Ok, that’s all and breaking even. Look now, it’s a broken business model, I know, but it’s not necessarily illegal. We all know there’s nothing natural about a natural history museum. There’s nothing more deadbeat than a ‘living history’ demonstration. That’s essential serpentry too, there’s nothing as unnatural and undead as these. If our friend there wants to wave their hands around, invoke the undead and call it a show, that’s their right, but nothing’s gonna happen. That’s really the key, nothing’s gonna happen and no one’s watching, so shut your mouth with your wolf-crying and your thumb sucking and your pants. 

Also, you in the pants, you do know about diversification right? Like, even though they’re losing and losing and losing, you have so much more to gain than lose from watching. Challenge yourself once in a blood moon — better yet, pinch yourself when Mercury is in retrograde. They are testing all the waters, ones under bridges you would never cross. There’s such a freedom in an interesting crash, there’s continuing interest to collect. The more you lose the more you gain. If you want to sell the same boring commodities every day, have yourself a nice, boring life, friendo, I’ll spend my time with the broken Wiccomrade. Dynamism and dynamics are the way forward, but they need dying failures on their last dime and that’s where the precipice is. 

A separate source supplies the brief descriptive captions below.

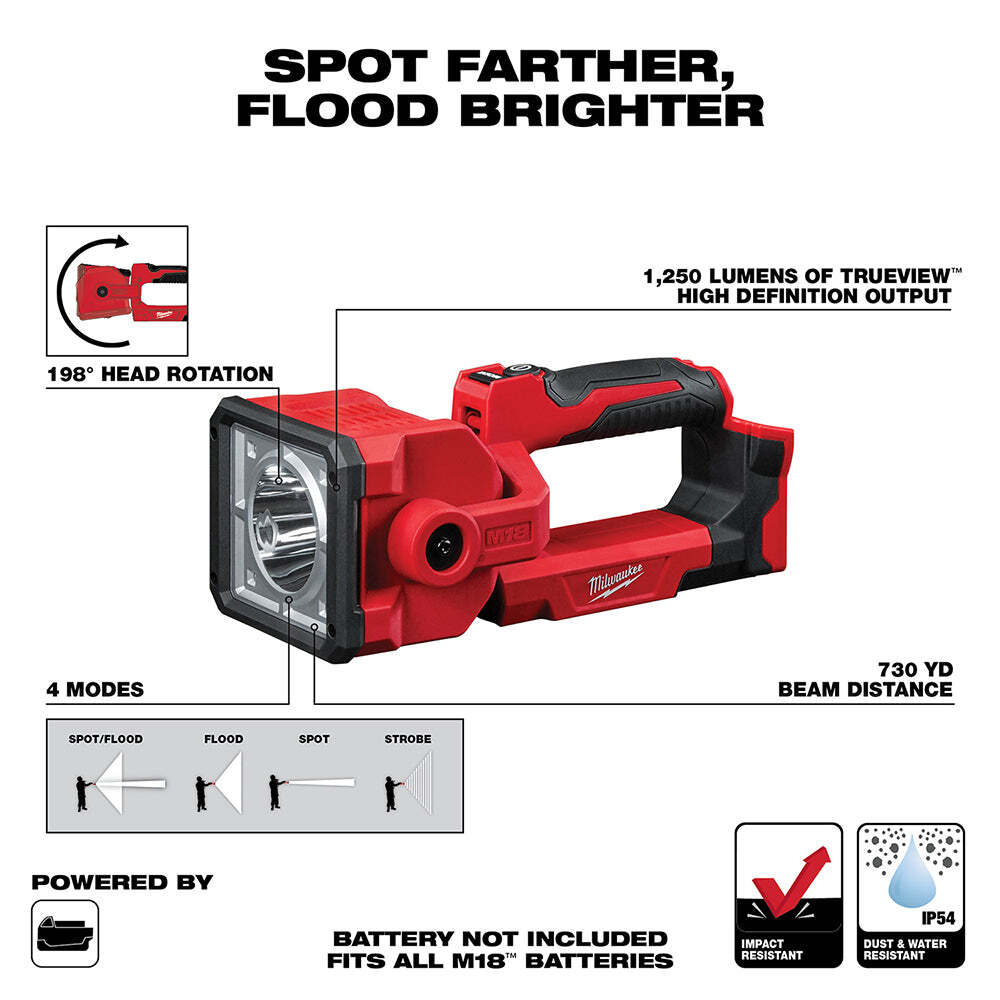 Milwaukee 2354-20 M18 18V LED Cordless Portable Compact Search Light - Bare Tool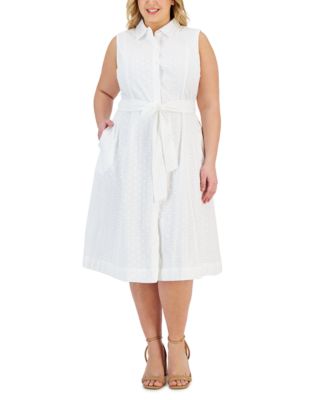 Anne Klein Plus Size Tie Waist Eyelet Midi Shirtdress - Macy's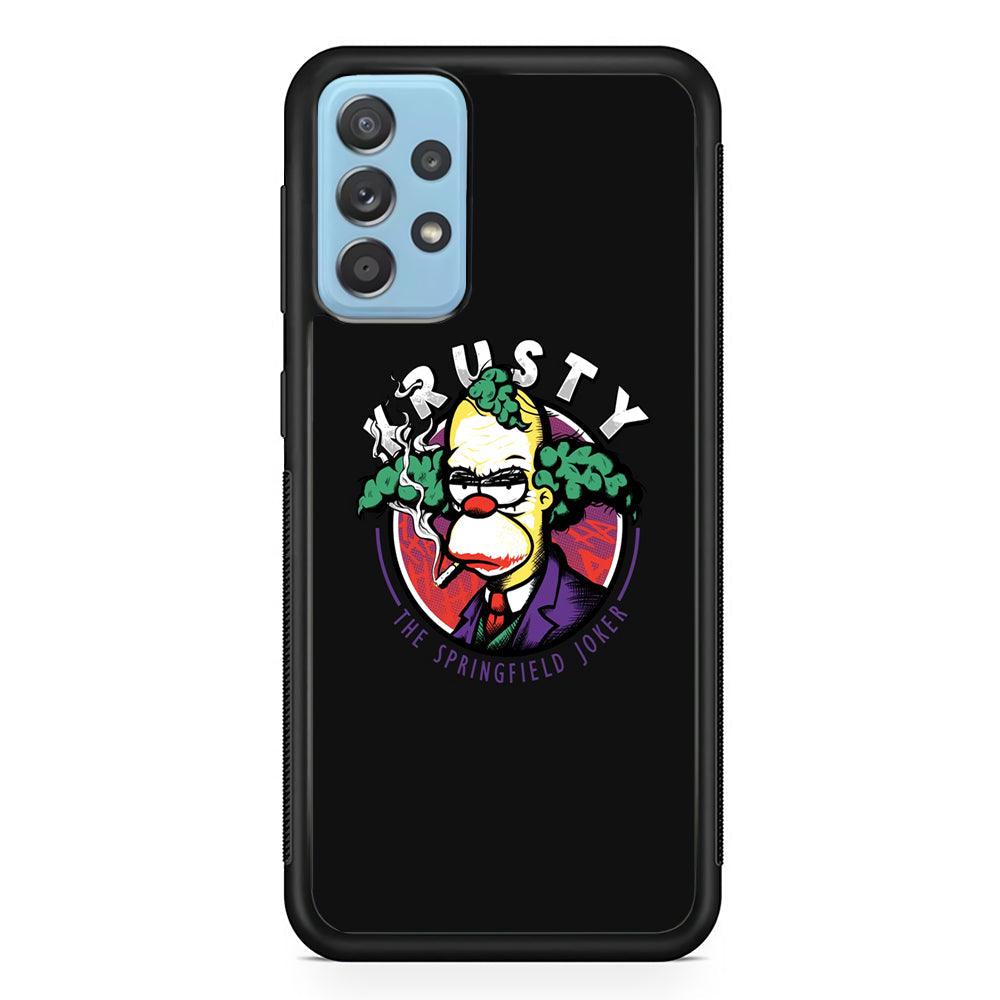 Krusty The Joker Springfield Samsung Galaxy A72 Case-Rubber Black (2D Case)-Oxvistore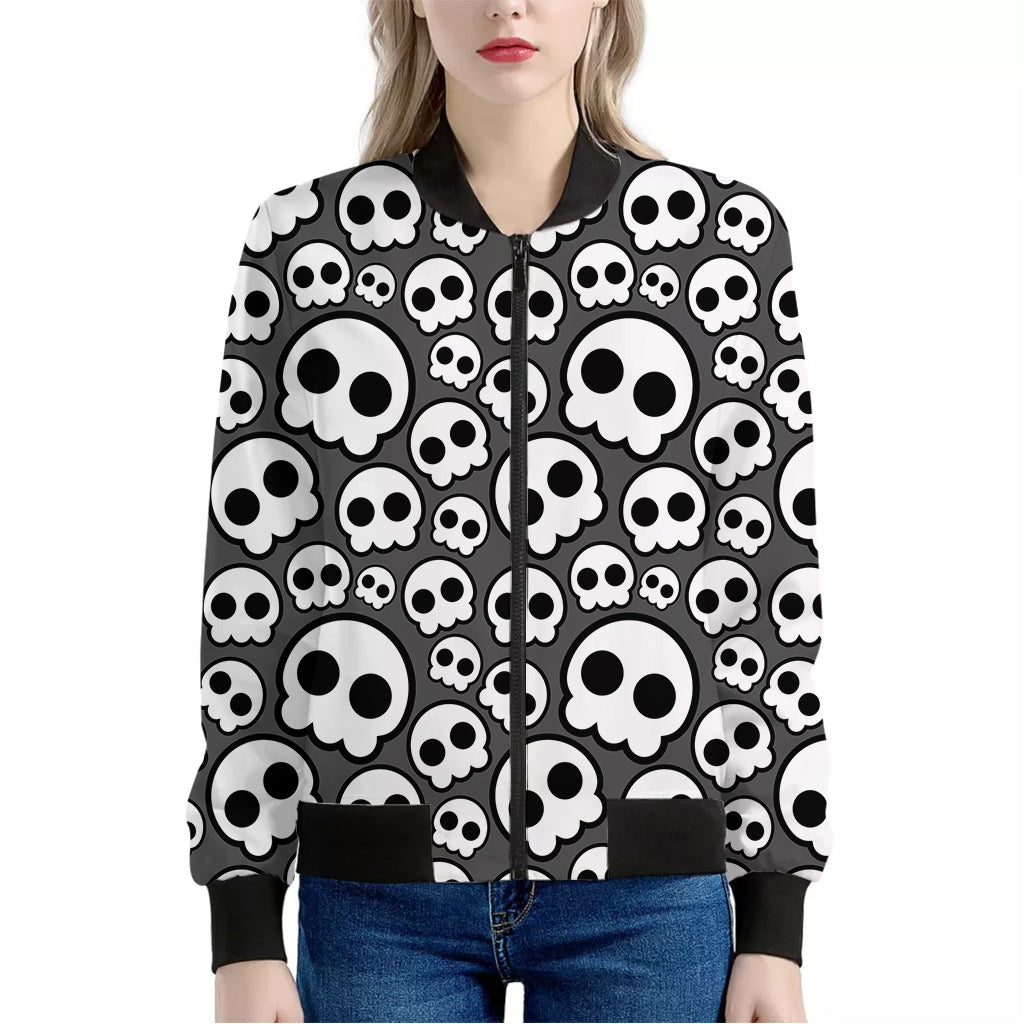 Emo Skull Pattern Print Women's Bomber Jacket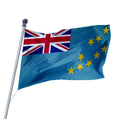 Hot Sale 100% Polyester Outdoor Decoration Custom Tuvalu Flag with Double Side Print Promotional Product with Custom Logo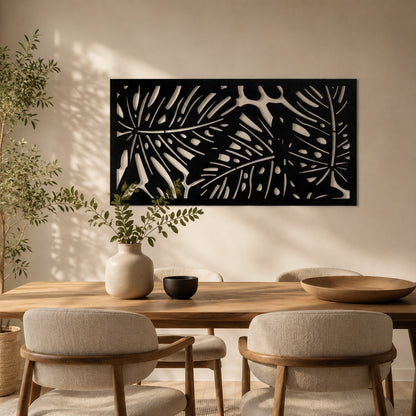 Metall Wandbild Monstera schwarz 120x60cm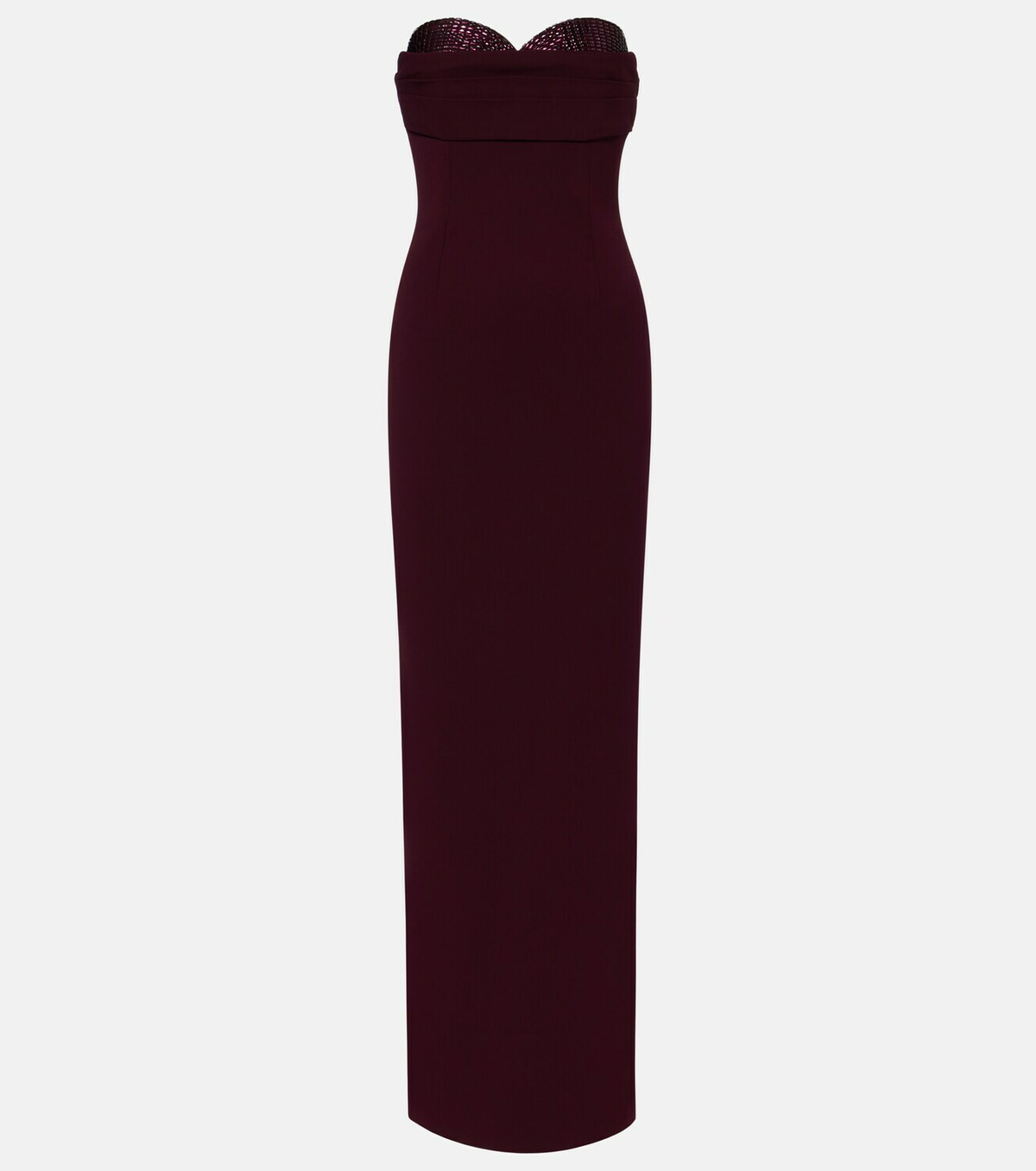 Roland Mouret Draped embellished cady corset dress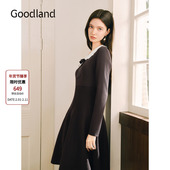 娃娃领收腰a字针织连衣裙秋冬季 Goodland美地女装 法式 LC34506067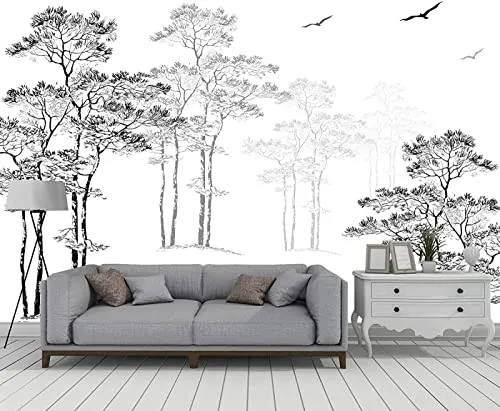 MUNXIN WALLPAPER Papier Peint Panoramique Paysage D'Arbre Croquis Noir Et Blanc Poster Tapisserie Mural Personnalisé 3D Pour Salon Chambre Décoration Murale
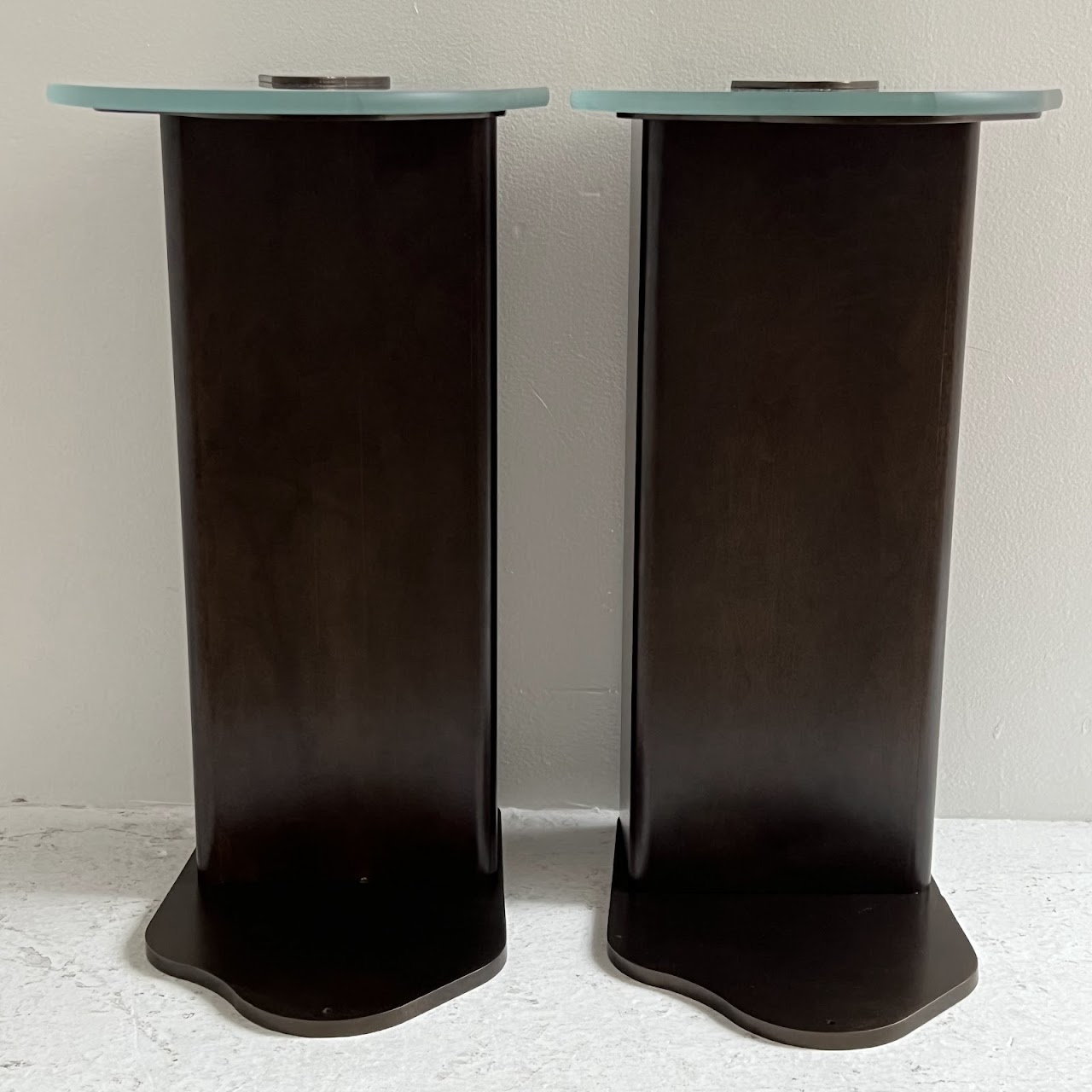 Antiqued Bronze and Glass Abstract Drinks Table Pair #1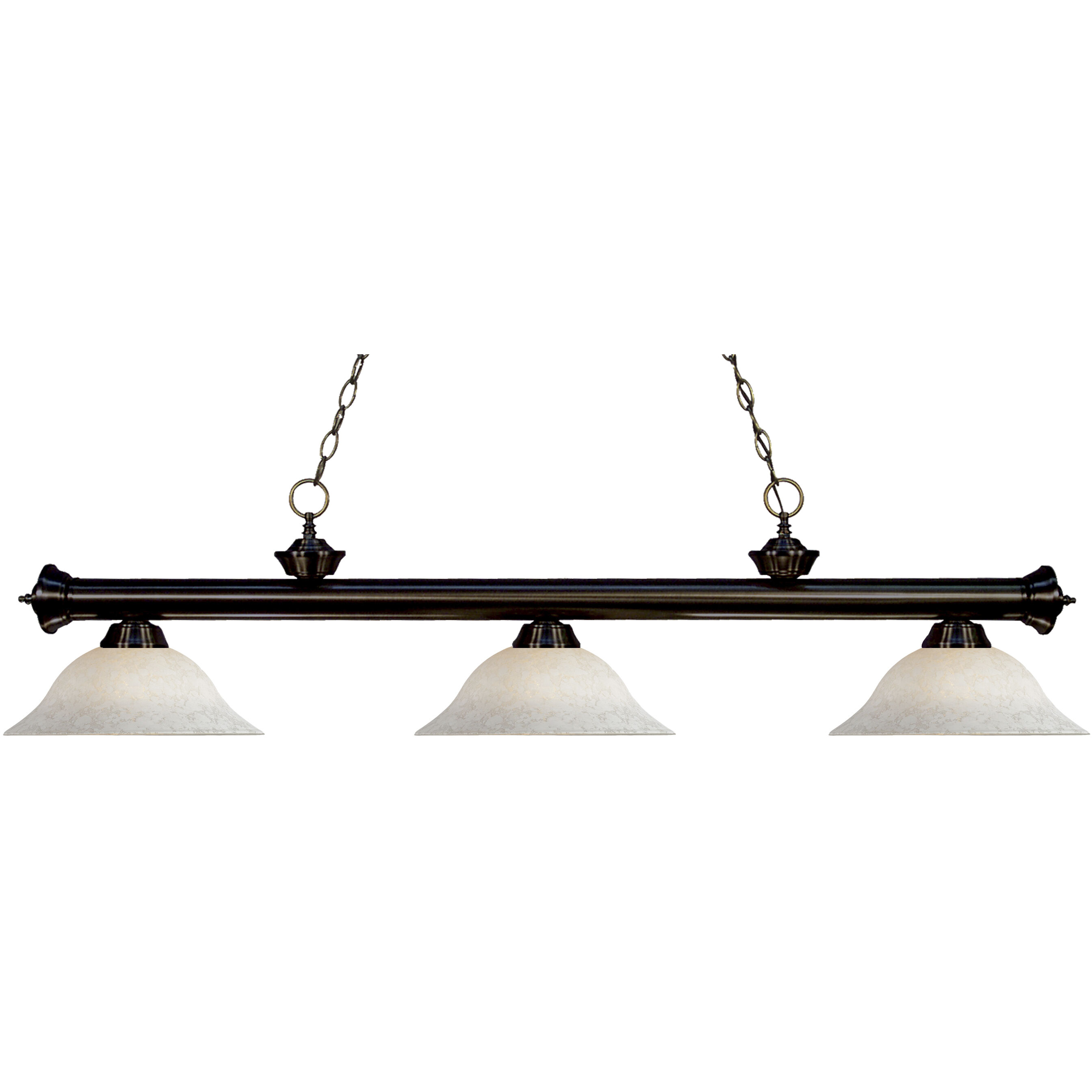 Riviera 3 Light 59 inch Bronze Billiard Ceiling Light in White Mottle Glass, 18.8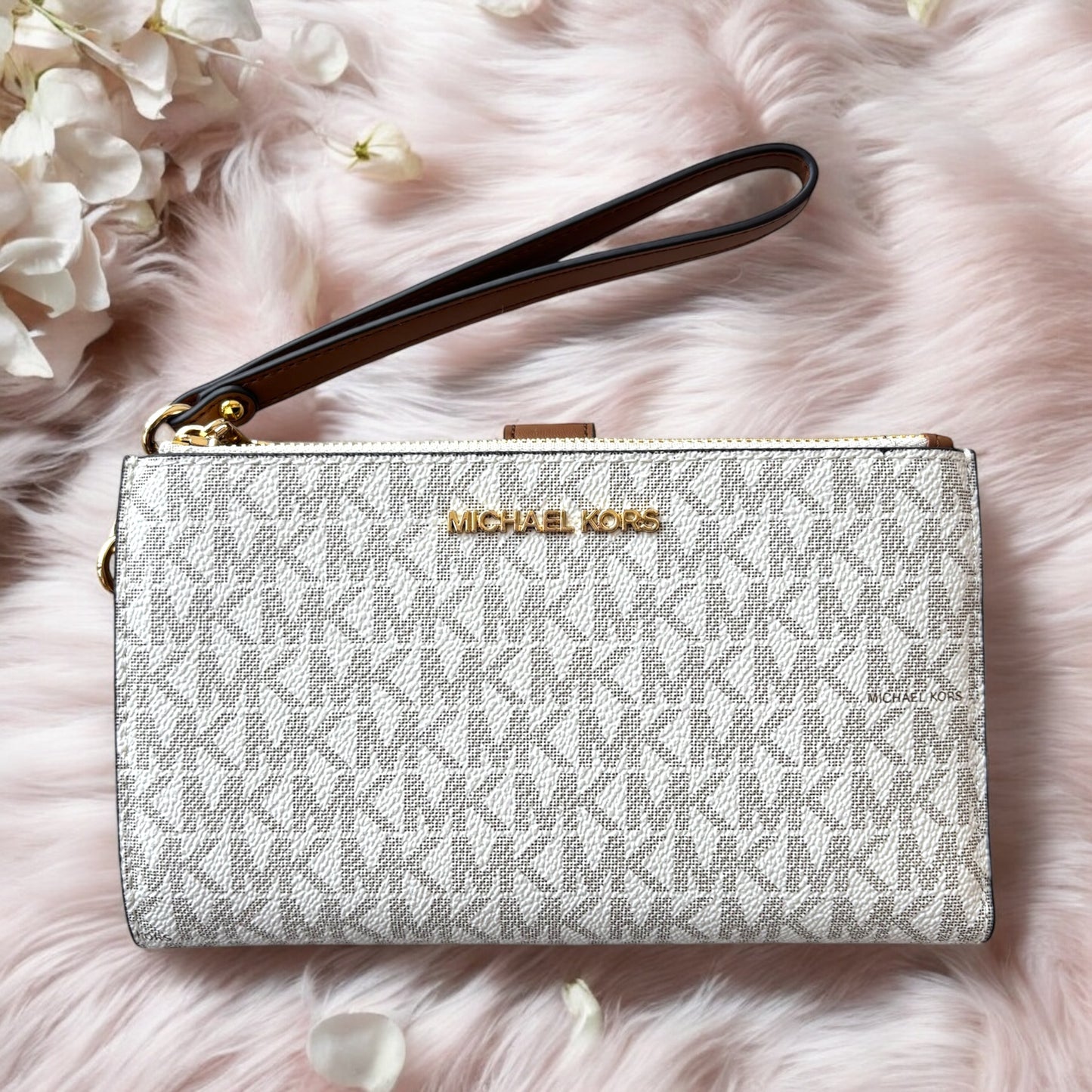 Cartera Michael k vanilla/camel doble cierre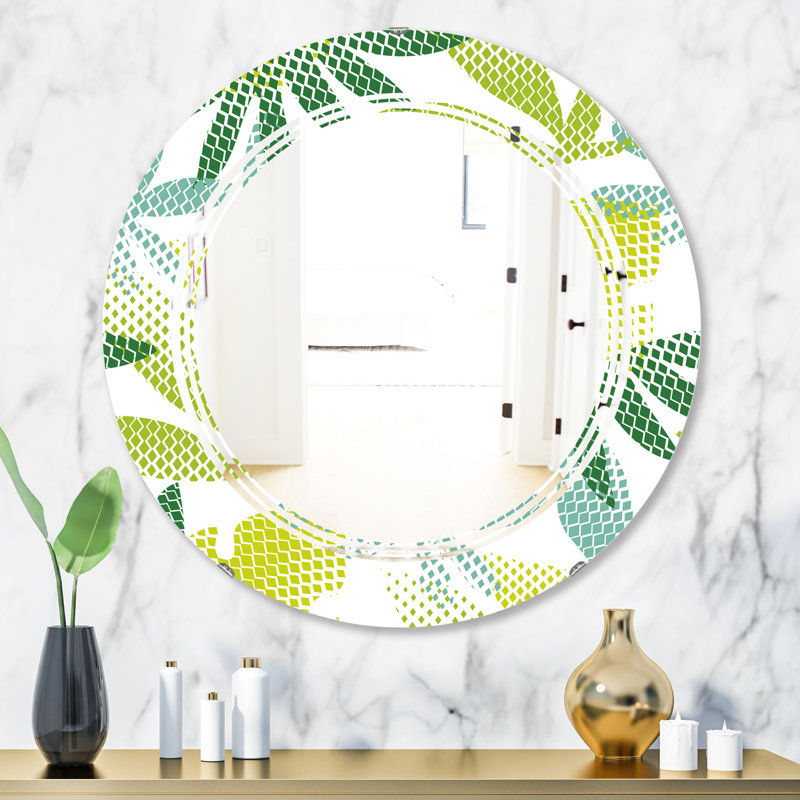 Miroir mural en trois plantes tropicales en mer iii, 31,5 po x 23,7 po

Can you feel it? Trickling down? I’ve always loved the smell on a cold day after a nice rain. It makes me feel alive enough to let live. People are gonna fail to punch up into the clouds or down to hell, so stop pissing on them from higher ground, they aren’t even searching for it. They’re already tsunami-pissing themselves to and fro. No one’s watching and morbid curiosity comes from within not from without. Taking out loans for your new restaurant. Nothing burgers is a dish best served cold.